Credit: New Westminster Museum and Archives IHP8619-002

From the turn of the 20th century until the late 1970s, Queensborough was home to many boatbuilding outfits. Dawes Shipyard, Sather Boatworks and Mercer Shipyards were well-known wooden boat and ship builders.

Les Gunderson built wooden boats at Sather Boatworks for 36 years, until 1995. This was an art as much as a science, and was a craft Les learned from his father, who was also a master boat builder. Building a wooden boat began with a half hull, a scale model of the boat used to get the proportions of the boat just right. Les used hand tools, shaping the wood with an adze and drilling bolts using an auger. He sealed the cracks and crevices between planks by tamping cotton and oakum into them with a caulking (pronounced corking) iron and hammer.

There are no straight lines; each piece is individually made. It wasnt mass production. Every plank, every post, every window was custom made, and there wasnt a square piece on the whole boat... everyday something was different. 
-LES GUNDERSON, master boat builder, Sather Boatworks
            

Helen Hughan was the secretary at Mercer Star Shipyard from 1944 to 1949. Mercer Star Shipyard was a family business, and the Mercers were prominent residents of New West. Mercer Star Shipyard was a large enterprise, at times employing as many as 200 men, and two women. Many of the vessels built there are still in use today. Helen found her job exciting. There was constant activity in the office, working with ships crews, suppliers, and tradesmen. Occasionally, Helen was invited to go along with Gordon Mercer, the ships architect, to take the boats for a test sail along the North Arm of the Fraser.
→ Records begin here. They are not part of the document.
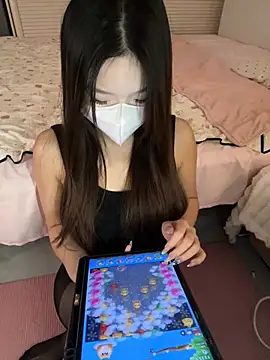 _xiaoxinxin_ - 脱内裤揉小穴2分钟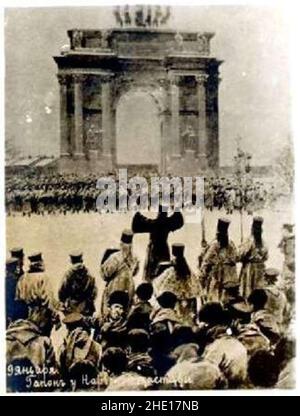 Truppe di fronte a manifestanti civili guidati da Padre Gapon alla porta Narva durante la repressione della rivolta nel 1905. Il 22 gennaio 1905 migliaia di manifestanti hanno marciato sul Palazzo d'Inverno per rancellare le loro rimostranze contro le condizioni di lavoro. Sono stati incontrati dall'esercito e la protesta è stata arrestata, con la perdita di circa 200 morti. Questa immagine è un fermo immagine di un film del 1925. Foto Stock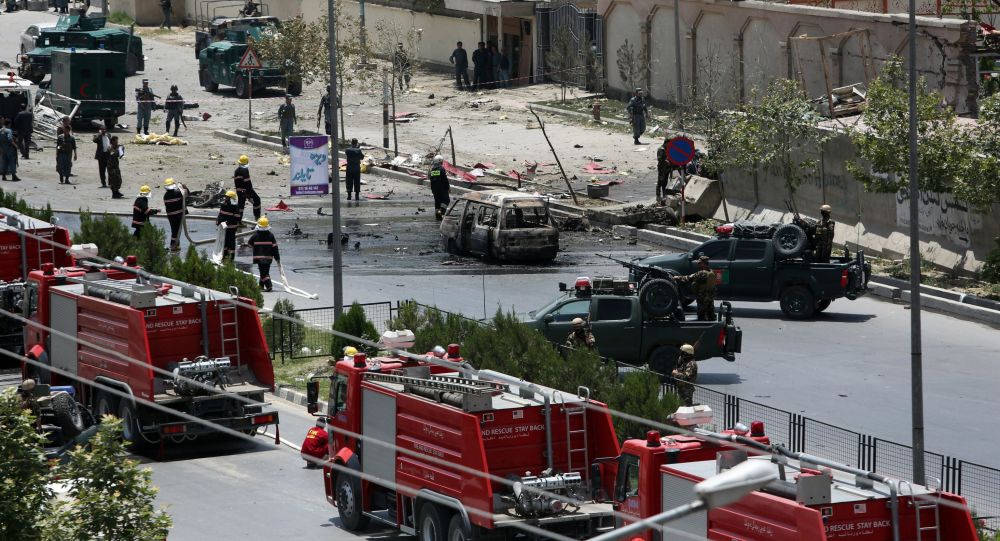 Uma forte explosão atingiu nesta segunda-feira, 13, um ônibus no centro de Cabul, na hora da saída do trabalho, formando uma espessa coluna de fumaça negra, informou um porta-voz da polícia; representante do Ministério do Interior afegão Sediq Sediqqi, em seu perfil no Twitter, publicou que uma mulher morreu e 8 pessoas ficaram feridas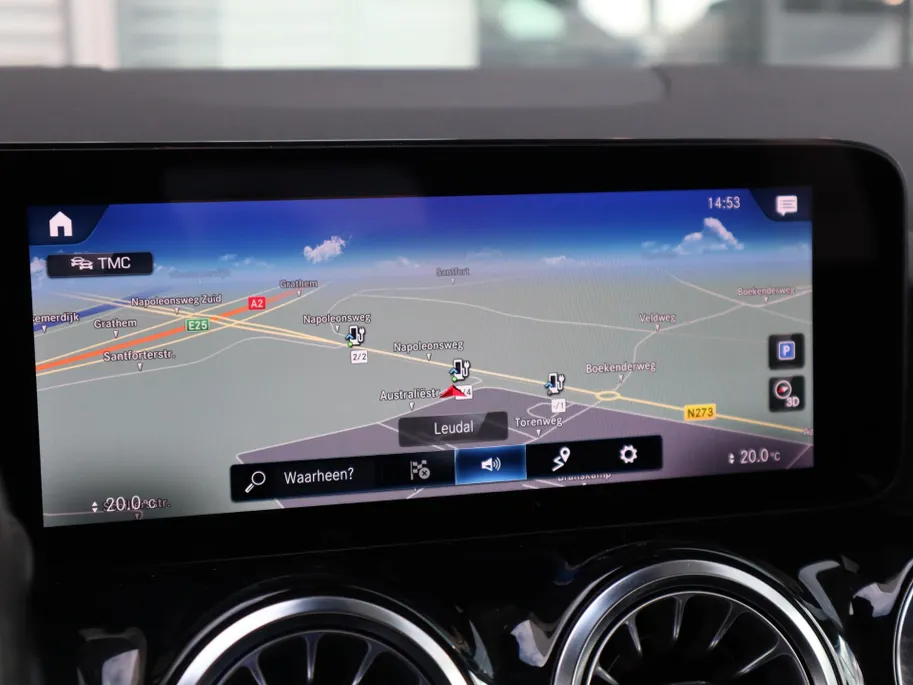 Mercedes-Benz GLA 250 e AMG Line l Trekhaak l Panoramadak l Keyless l Stoelverwarming l Memory
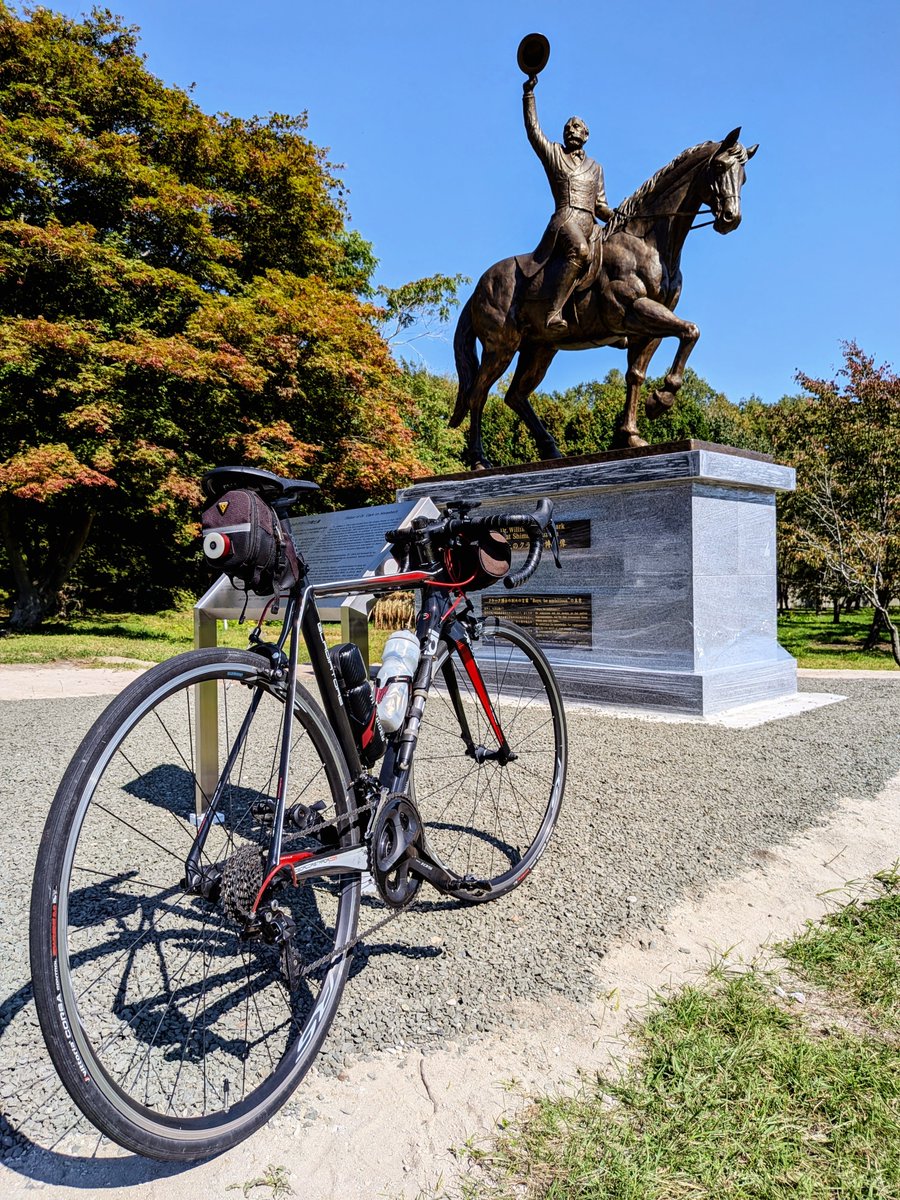 mook_jpn's tweet photo. 「 #馬上のクラーク博士像 」🐴🕺
数日前ニュースで見た新スポットへ🚴💨
道内で3体目らしい…博士もびっくり🙀でしょうね😁
#旧島松駅逓所 
#クラークの碑 
#新クラーク博士像 
#クラーク像 https://t.co/IQCskgtta6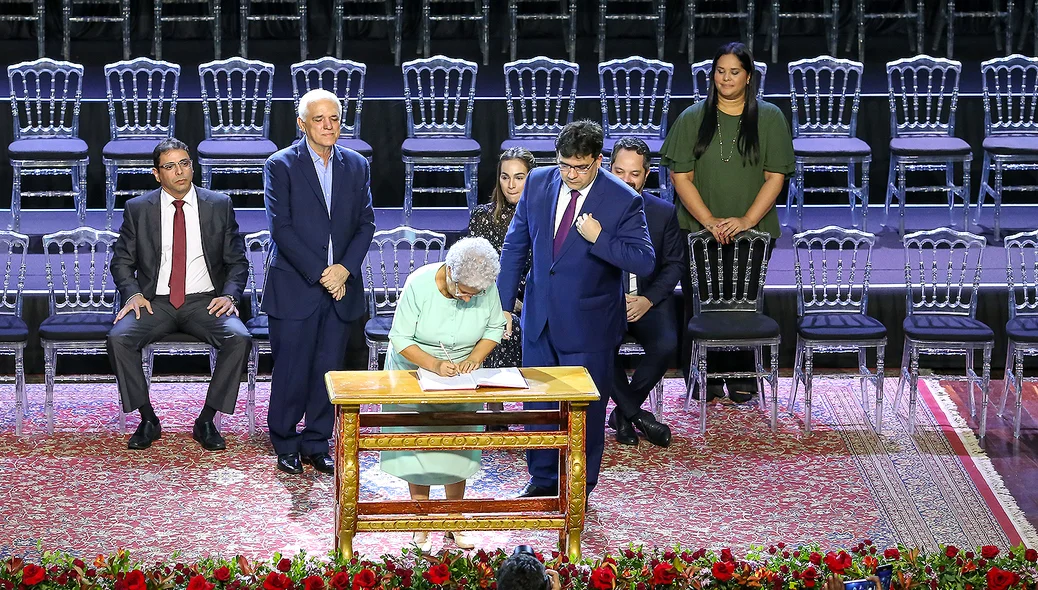 Regina Sousa assinando o termo de posse
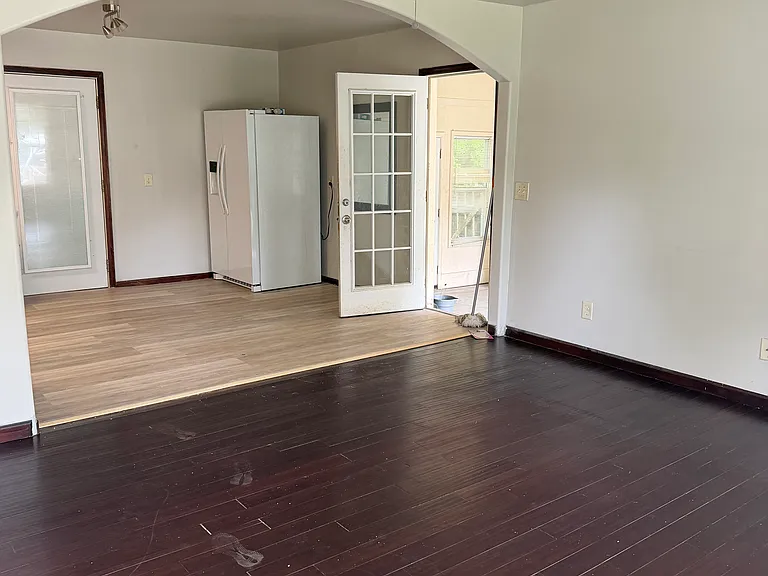 1148 Pontiac Cir — Photo 5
All these people came to Mercers to do work on the boats. You were always on the phone. And everything they wanted, they wanted it yesterday. Gordon would throw a piece of wood on my desk and say "order that and I want it yesterday!" 
-HELEN HUGHAN, secretary Mercer Star Shipyards

We had many, many launchings. They were wonderful parties and the food they would put on. It was fun, really, really fun... I got to decorate the bottle up to make it look like a champagne bottle because Mercer's wouldn't buy champagne... They would get a giant bottle of 7-Up, decorate it all up. It rankled them to crack a bottle of champagne over the bow of a ship.